Snowflake photographer Paul Burwell in January 2011 in Edmonton. At right

Snowflake pictures source of ‘wonderment’

It began in the familiar drudgery of shovelling the walk. It ended in the discovery of fleeting and delicate beauty right underfoot.

EDMONTON — It began in the familiar drudgery of shovelling the walk. It ended in the discovery of fleeting and delicate beauty right underfoot.

“Snowflakes are such temporary pieces of art,” says Edmonton photographer Paul Burwell, who now waits all winter for just the right storm so he can create his detailed and radiantly lit images of snow crystals.

“When you do take a closer look and the conditions are right, the magical quality of what is created out of nothing is spectacular.”

Burwell, 46, is primarily an animal photographer. But in an Edmonton winter, “there isn’t a whole lot of wildlife.”

One deep-freeze day three years ago, he was thinking about winter subjects as he shovelled snow off his sidewalk.

Then he looked down at the dark-coloured sleeve on his parka.

“This time, for whatever reason, I paid closer attention to whatever was there, to the intricate forms and shapes of the snowflakes. And I thought, ’Wow, I wonder if there was a way I could photograph it and make it into art?’
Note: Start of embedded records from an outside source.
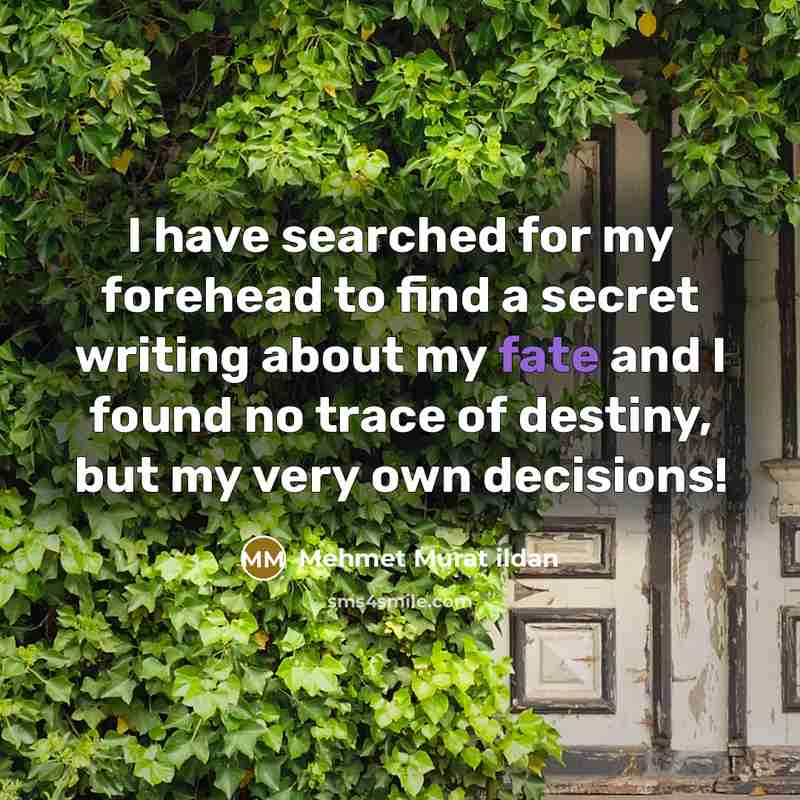 “I have searched for my forehead to find a secret…” quote by Mehmet Murat Ildan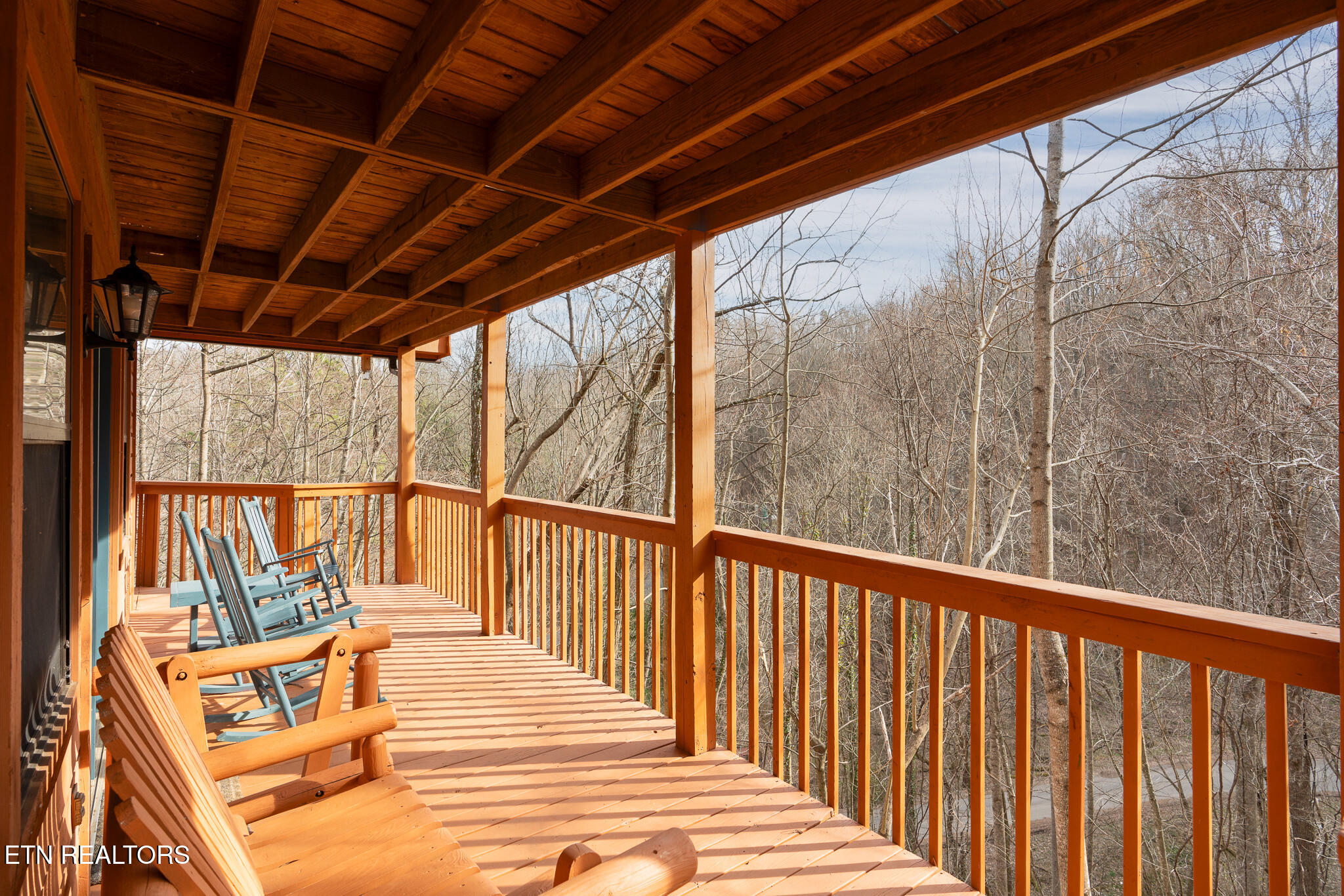 1136 Laddie Buck Lane Property Photo 12
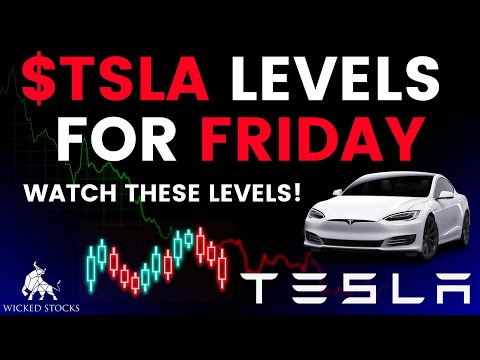 Tesla Stock Price Analysis Key Levels And Signals For Friday August 25th 2023 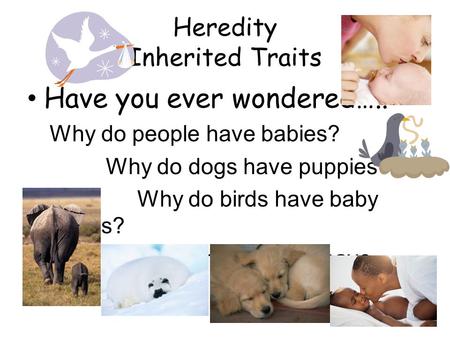 Heredity Inherited Traits Have you ever wondered….. Why do people have babies? Why do dogs have puppies? Why do birds have baby birds? Why do seals have.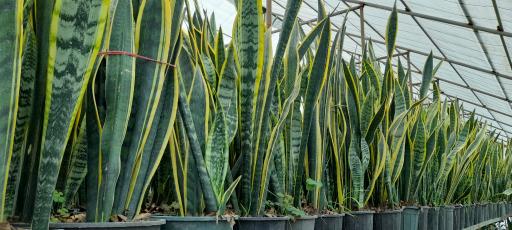 عکس گلخانه صابر بهاری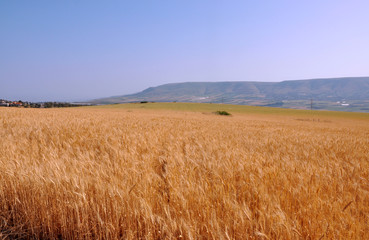 Wheat Field and Mountain Landscape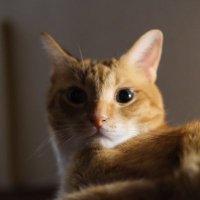 猫アレルギー(@tmtk_photo) 's Twitter Profile Photo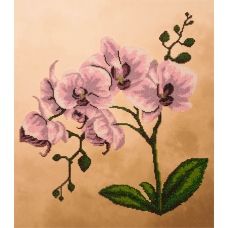 FLF-018 Розовая орхидея. Набор на холсте для вышивки бисером Волшебная Страна
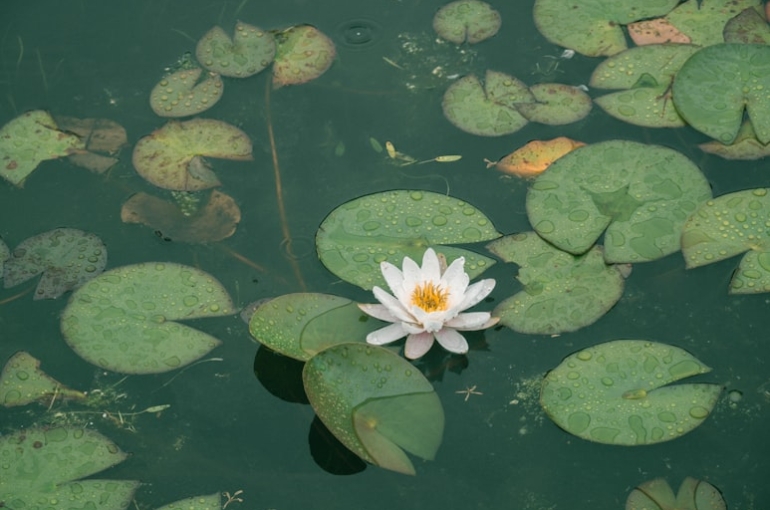 photo-1558438102-64c19e995a44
“That’s where the journey began.”

It took some time and some advice, but Burwell figured it out.

The images begin with the right kind of snow, produced only on nights between -10 and -18 C. and with as little wind as possible. Burwell stands in his backyard, holds out his arm and watches flakes fall on that same parka sleeve.

When he spots something likely-looking, he picks it off his parka with a paintbrush.

“Certain features just jump out at me,” Burwell said. “There’s some snowflakes especially that have these jewels at their centre when they’re lit right. Those are the ones I go after.”

Burwell then heads into his “snowflake studio,” a.k.a. his unheated garage.

He carefully flicks the flake onto a clear glass plate fixed under the business end of a stand-mounted camera pre-rigged with magnifiers, extension tubes, flash units and colourful light reflectors.

Burwell has about two minutes to shoot his specimen before it either melts or simply disappears. It’s time enough for two or three different lighting blends.

When conditions are right, Burwell stays out for hours. Eventually, his wife has to lean out the back door and call him in.

Success is rare. On a good night, Burwell says he’ll shoot 500 pictures. Since 2008, he figures he’s shot tens of thousands of snowflakes.

His gallery of “showflakes,” however, only has about 40 images.

“If I can get one or two out of a snowstorm, I’m thrilled.”

And, no, he’s never seen two the same. Asked what photographing snowflakes has done for him, Burwell’s answer could be a New Year’s resolution.

“Just, wonderment,” he says. “Before I started this work, I would take (snow) for granted, especially living here. But now I look at it totally, totally differently.

“It helps me slow down and appreciate the world for what it is.”